The Windscale plant fire accident on October 10, 1957 was Britain’s most severe nuclear accident. The Windscale nuclear reactor plant was producing plutonium for the UK to make its atomic hydrogen bombs. Britain used the first explosive material to test its first atomic weapons in Australia. The test was done on October 3.

How The Fire Started

The Windscale plant had two nuclear reactors. After a routine heating of the first reactor, the graphite control block lost control and the adjacent uranium cartridges raptured. Uranium released from the rapture began to oxidize, releasing radioactive debris. The result was a fire.
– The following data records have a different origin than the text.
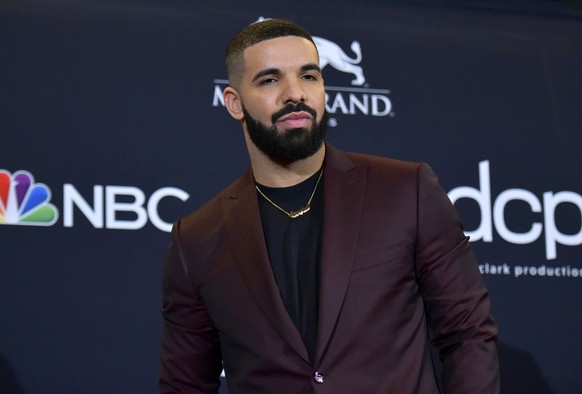 FILE - Drake poses at the Billboard Music Awards in Las Vegas on May 1, 2019. Police are investigating a shooting outside rapper Drake?s mansion that left a security guard seriously wounded. Authoriti ...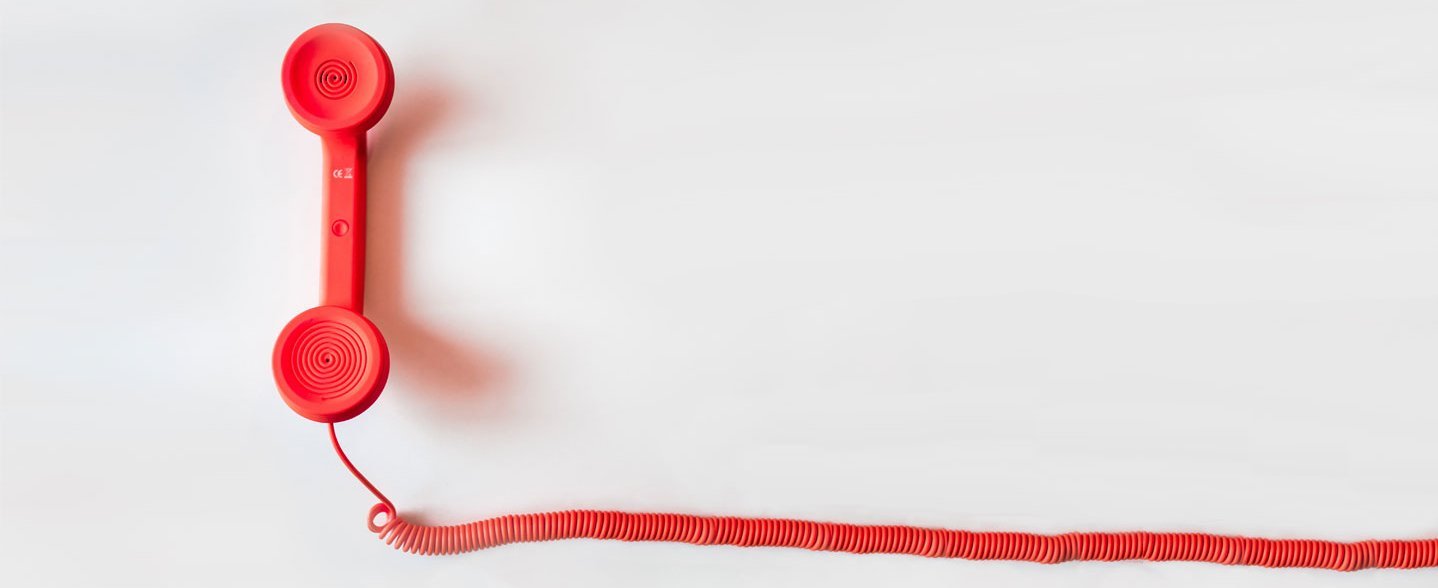 roter Telefonhörer mit nach rechts ausgerichteter rotem Spiralkabelrale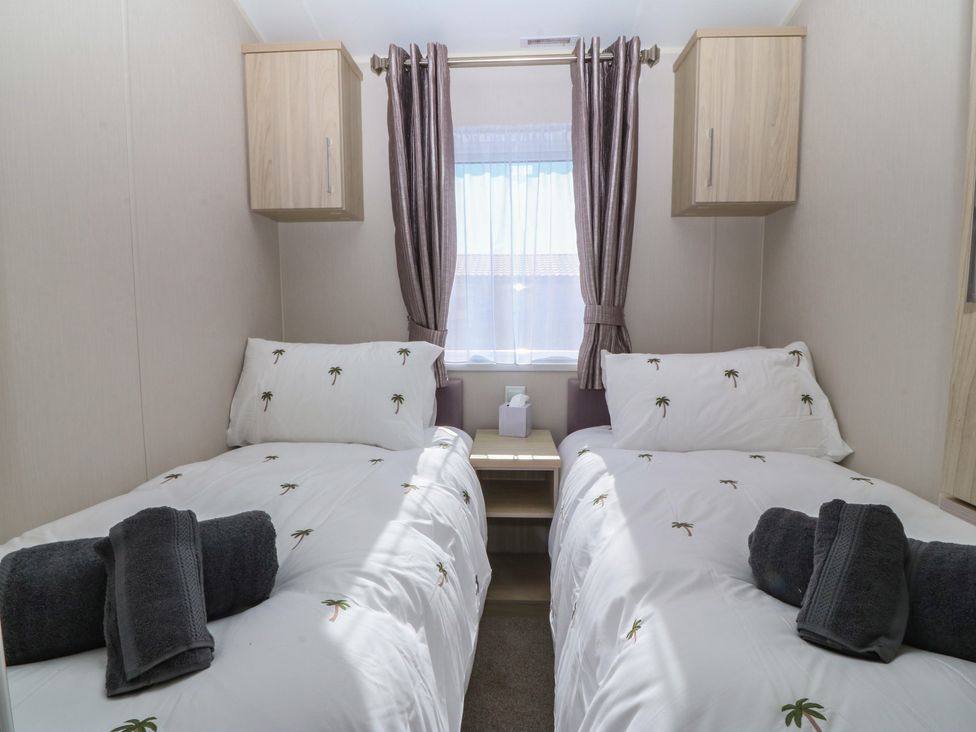 A bedroom with two beds and a window at Pheasant Lodge in Holyhead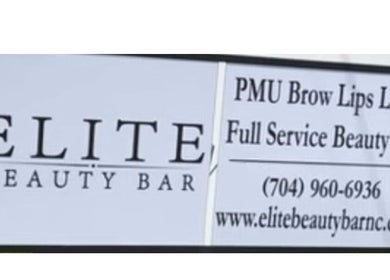 Sign for Elite Beauty Bar in Concord, North Carolina, near Too Prissy Beauty venue.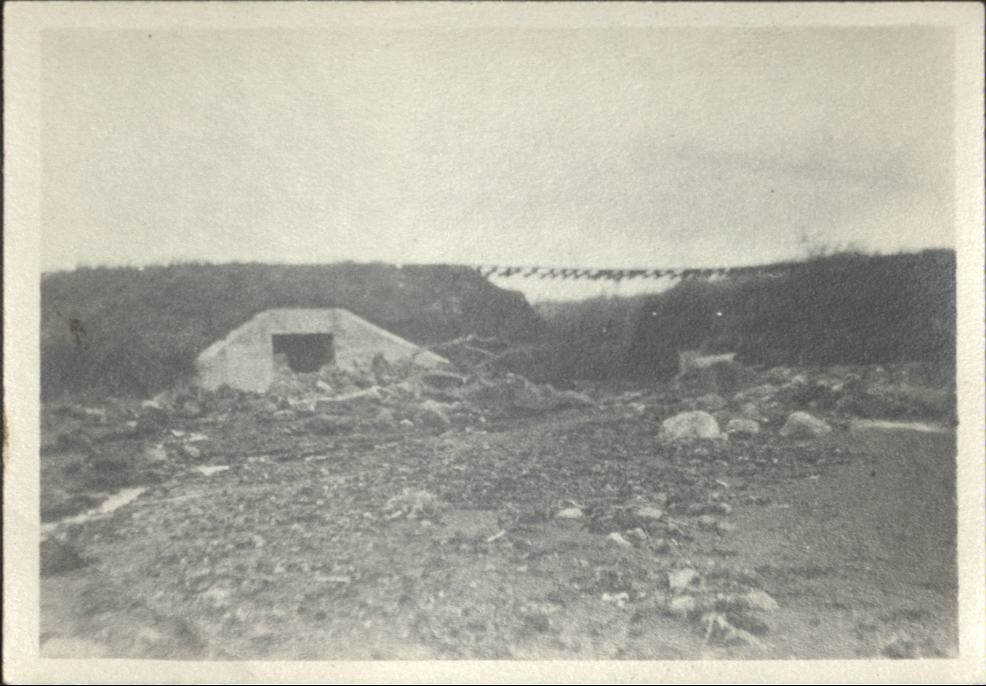 [Untitled – Washed-out bridge and  railroad tracks covered with dirt and rocks after a flood or landslide].
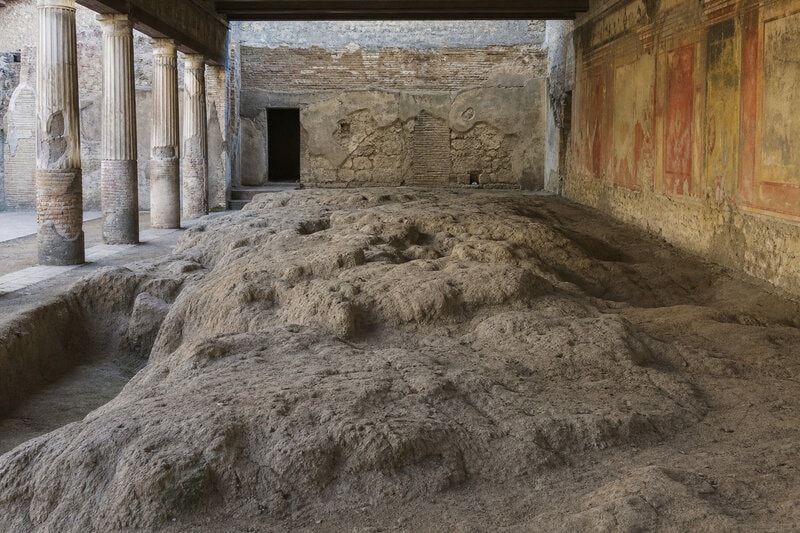 A view of the Herculaneum archaeological site, where the Villa of the Papyri remains deliberately unexcavated beneath&hellip;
The flaring fire burned for over 16 hours before it was successfully put out.

The Aftermath

The reactor core was left with around ten tons of radioactive energy. The fire effects were not felt just in the plant; the atmosphere was also affected. A lot of radioactive iodine was released into the air. As a result, no one could even sell milk produced within 200-square-mile of the plant.

Eventually, the radioactivity caused over 190 cancer cases, with over 100 of the cases being fatal.

A Second Fire?

After a few years, it was noticed that something was going on when around 2,000 to 3,000 employees of Calder Hall and Windscale returned home. On the gates of both Windscale and Cedar, security guards were placed but without restrictions on the fences.

Soon it became clear what was happening. The uranium cartridges’ temperature rose to 500 degrees centigrade, nearly double the average temperature. The rapid oxidation of uranium caused radioactive particles in the form of vapor to escape through filters on the chimney top.